Re: ALTER SYSTEM SET command to change postgresql.conf parameters (RE: Proposal for Allow postgresql.conf values to be changed via SQL [review]) - Mailing list pgsql-hackers

On Thu, Aug 29, 2013 at 9:12 PM, Stephen Frost <sfrost@snowman.net> wrote:
> You will not find me argueing to allow that in normal operation, or most
> direct-catalog hacking.  I'd be much happier if we had all the ALTER,
> etc, options necessary to prevent any need to ever touch the catalogs.
> Similairly, it'd be nice to have more permission options which reduce
> the need for anyone to be superuser.

Sure, I agree.  But you can't burden this patch with the job of
conforming to what you and I think the project policy ought to be, but
isn't.  Right now, as things stand today, the superuser is one step
short of God Almighty.  The only way in which we even attempt to
restrict the superuser is to try to keep her from hijacking the
postgres login account.  But we don't even try to do that very
thoroughly, as has recently been pointed out on other threads; there
are several plausible attack vectors for her to do just that.  This
patch fits right into that existing philosophy.  If we take this
patch, and I think we should, and later change our policy, then the
permissions around this may require adjustment to fit the new policy.
Fine!  But that policy change is properly a separate discussion.

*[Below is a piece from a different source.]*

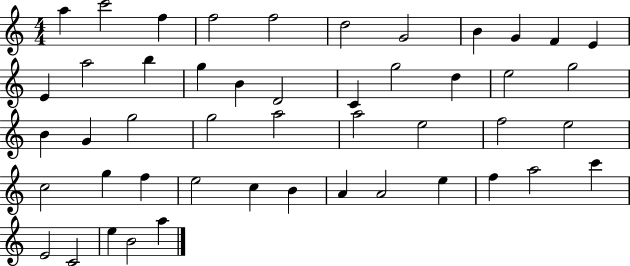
A5/q C6/h F5/q F5/h F5/h D5/h G4/h B4/q G4/q F4/q E4/q E4/q A5/h B5/q G5/q B4/q D4/h C4/q G5/h D5/q E5/h G5/h B4/q G4/q G5/h G5/h A5/h A5/h E5/h F5/h E5/h C5/h G5/q F5/q E5/h C5/q B4/q A4/q A4/h E5/q F5/q A5/h C6/q E4/h C4/h E5/q B4/h A5/q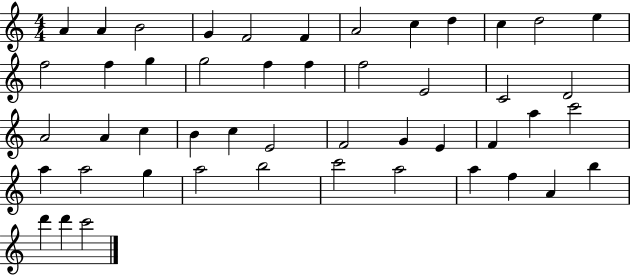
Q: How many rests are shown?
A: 0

>> Now, you can argue that people are more likely to render the database
>> nonfunctional by changing GUC settings than they are to do it by
>> corrupting the system catalogs, but I'm not sure I believe it.  We
>> can, after all, validate that any setting a user supplies is a valid
>> value for that setting before writing it out to the configuration
>> file.  It might still make the system fail to start if - for example -
>> it causes too many semaphores to be reserved, or something like that.
>> But why should we think that such mistakes will be common?  If
>> anything, it sounds less error-prone to me than hand-editing the
>> configuration file, where typing something like on_exit_error=maybe
>> will make the server fail to start.  We can eliminate that whole
>> category of error, at least for people who choose to use the new
>> tools.
>
> That category of error is much more likely to get caught by the sysadmin
> doing the restart after the update..

If you edit postgresql.conf manually today, you will have no warning
of ANY sort of error you might make.  With a feature like this, we can
catch a large subset of things you might do wrong *before we even
modify the file*.  Yes, there will be some that slip through, but an
imperfect mechanism for catching mistakes is better than no mechanism
at all.

> ALTER SYSTEM doesn't provide any
> way to restart the DB to make sure it worked.
> That, in turn, encourages
> modification of the config parameters w/o a restart, which is a pretty
> bad idea, imv.

"vi" doesn't provide any way to restart the DB to make sure it worked,
either, and never will.  However, ALTER SYSTEM could be extended in
exactly that way: we could have ALTER SYSTEM RESTART.  Of course some
people are likely to argue that's a bad idea, so we'd have to have
that discussion and think carefully about the issues, but there's
nothing intrinsic that restricts us from giving ALTER SYSTEM any
arbitrary set of capabilities we might want it to have.  Even if we
don't ever do that, we're no worse off than today.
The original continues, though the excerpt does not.